Public housing was once thought of as positive, radical, and hopeful—the product of a government optimistic about its ability to improve the lives of its poor and working-class families. Today, market-based solutions are touted as the answer to society’s problems. Developers may be required to dedicate a few affordable units in exchange for permits for their market-rate housing projects, but this does little to help low-income people. In fact, long-time residents are often displaced by the resulting gentrification.
When millions were displaced by the Dust Bowl and job loss during the Great Depression, the federal government made housing a priority. The Roosevelt Administration enlisted leading thinkers, collectively known as “housers.” These architects, designers and social scientists challenged barriers to housing for all.

Catherine Bauer was among the most influential, as author of a seminal book on government-supported housing in post-WWI Europe. In Modern Housing, Bauer argues for making decent housing a “public utility” and a basic right. Bauer was the primary author of the U.S. Housing Act in 1937 that provided federal subsidies to local public housing agencies to improve living conditions for low-income families. Bauer also worked with the Federal Housing Administration (FHA), which lowered financial barriers to home ownership. She promoted non-speculative housing owned by public agencies or nonprofit cooperatives and was a vocal advocate for racially integrated public housing at a time when Blacks and other minorities were excluded.

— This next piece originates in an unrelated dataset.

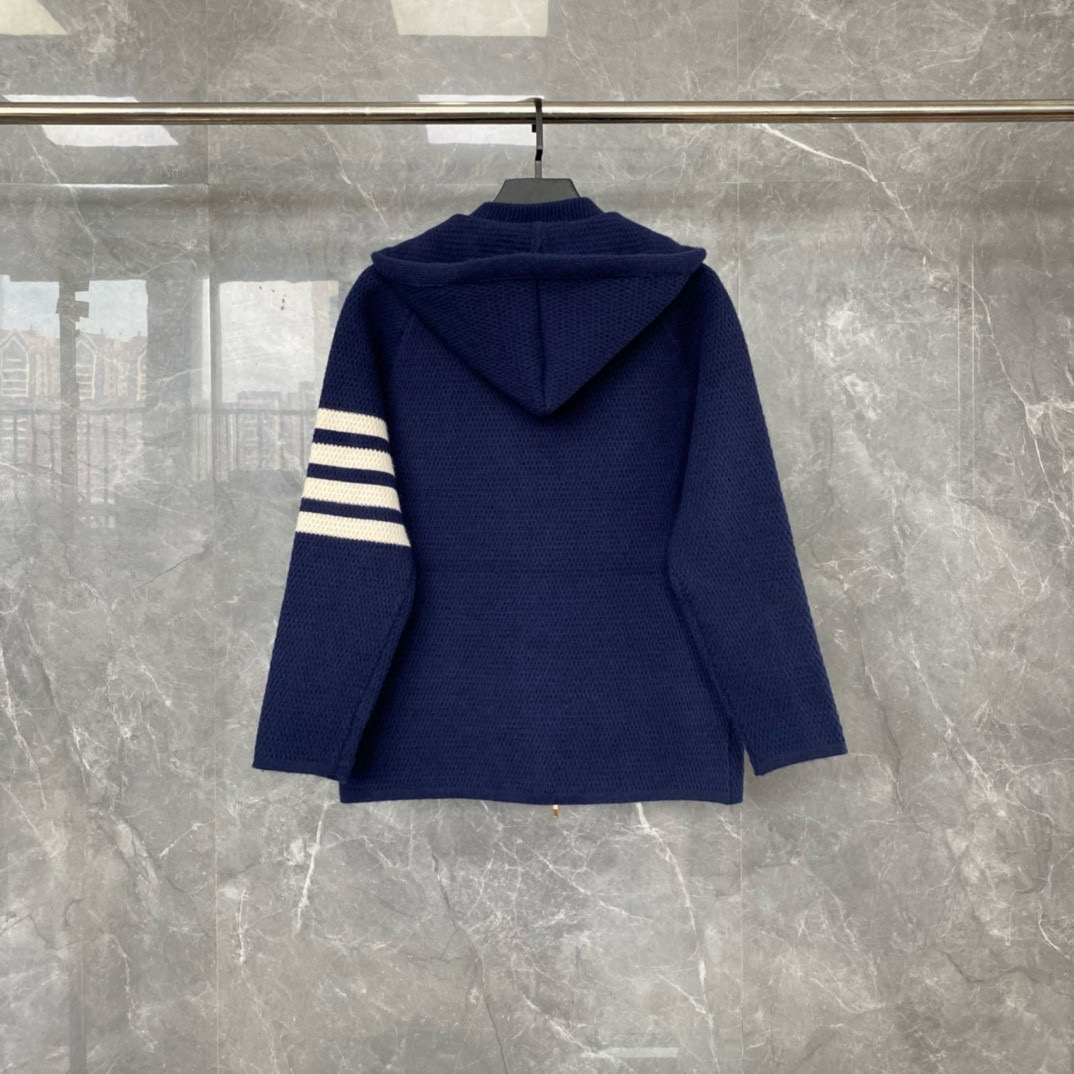 Thom Browne 톰브라운 스트라이프 니트 후드 집업 재킷 5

In 1933 about half of the nation’s home mortgages were in default. Millions had lost their homes and millions more were in danger of doing so. The Public Works Administration and the Works Progress Administration set about building public housing, while the Resettlement Administration relocated struggling urban and rural families to communities planned by the federal government.
During this time, New Deal legislation brought home ownership into reach for many, creating a bridge to the middle class. The Home Owners’ Loan Act of 1933 helped those in danger of losing their homes. The National Housing Act of 1934 produced the Federal Housing Administration and the Federal Savings and the Loan Insurance Corporation, which raised housing standards and provided a system of mortgage insurance. The Housing Act of 1937 established the U.S. Housing Authority (USHA) to provide loans for low-cost housing projects. The G.I. Bill of 1944 provided low-interest home loans to war veterans.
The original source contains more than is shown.